Cross-Site Scripting (XSS) attacks are a type of injection, in which malicious scripts are injected into otherwise benign and trusted web sites. XSS attacks occur when an attacker uses a web application to send malicious code, generally in the form of a browser side script, to a different end user. Flaws that allow these attacks to succeed are quite widespread and occur anywhere a web application uses input from a user within the output it generates without validating or encoding it.
An attacker can use XSS to send a malicious script to an unsuspecting user. The end user’s browser has no way to know that the script should not be trusted, and will execute the script. Because it thinks the script came from a trusted source, the malicious script can access any cookies, session tokens, or other sensitive information retained by the browser and used with that site. These scripts can even rewrite the content of the HTML page.
To avoid it, some type of HTML parser can be used or there also exist open source tool like HTML PURIFIER to help us.
There are a number of open-source HTML filtering solutions out there on the web already.

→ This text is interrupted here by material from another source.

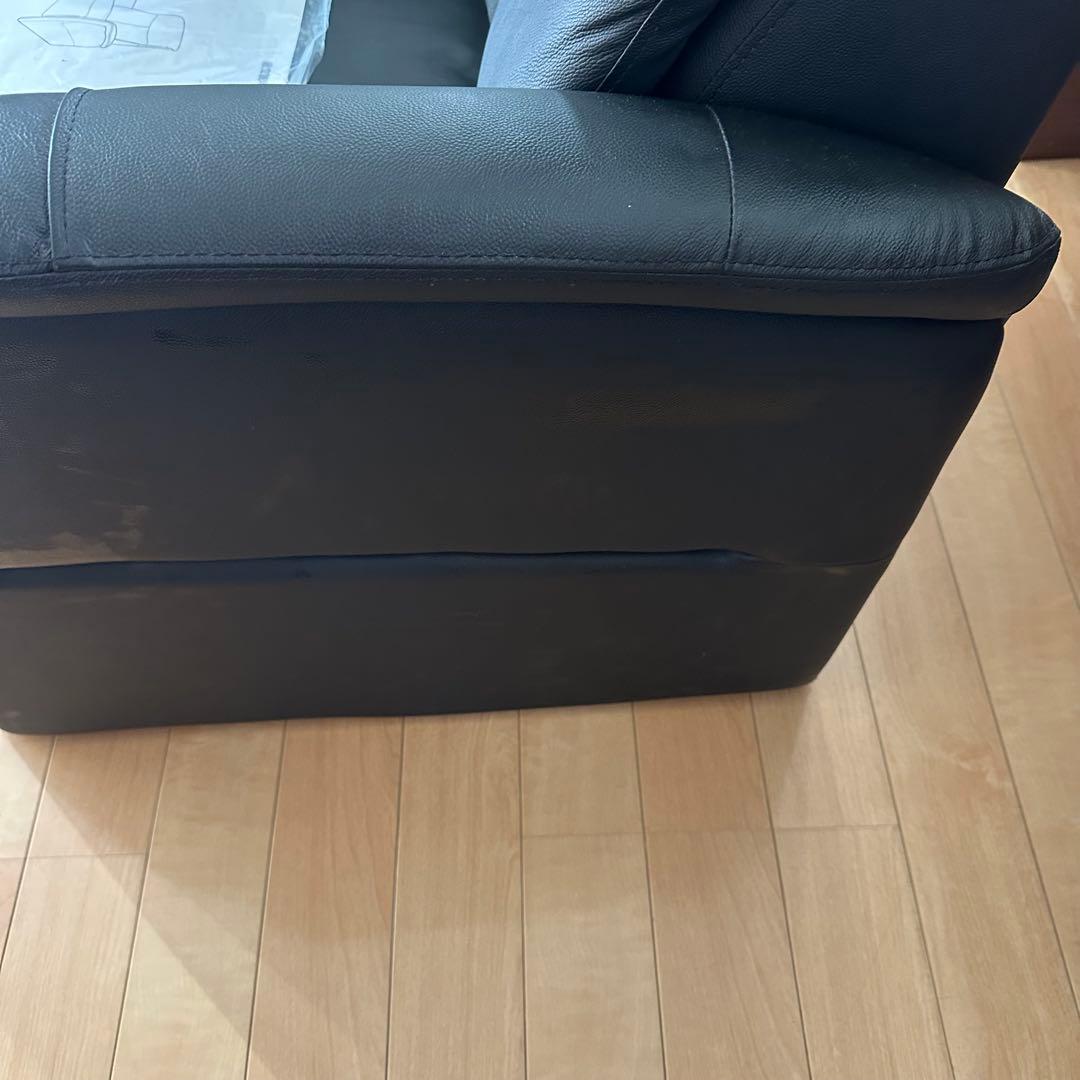 電動リクライニングソファ　コンフェ ニトリ　リクライニングチェア　ブラック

What sets HTML Purifier apart from them? Aren't all of these choices “secure”?
When it comes to HTML, attention to detail is key. Does it perform its filtering off a whitelist rather than an out-of-date blacklist? Does it filter every attribute in the document? Does it actually understand HTML?
Know thy enemy. Hackers have a huge arsenal of XSS vectors hidden within the depths of the HTML specification. HTML Purifier is effective because it decomposes the whole document into tokens and removing non-whitelisted elements, checking the well-formedness and nesting of tags, and validating all attributes according to their RFCs. HTML Purifier's comprehensive algorithms are complemented by a breadth of knowledge, ensuring that richly formatted documents pass through unstripped.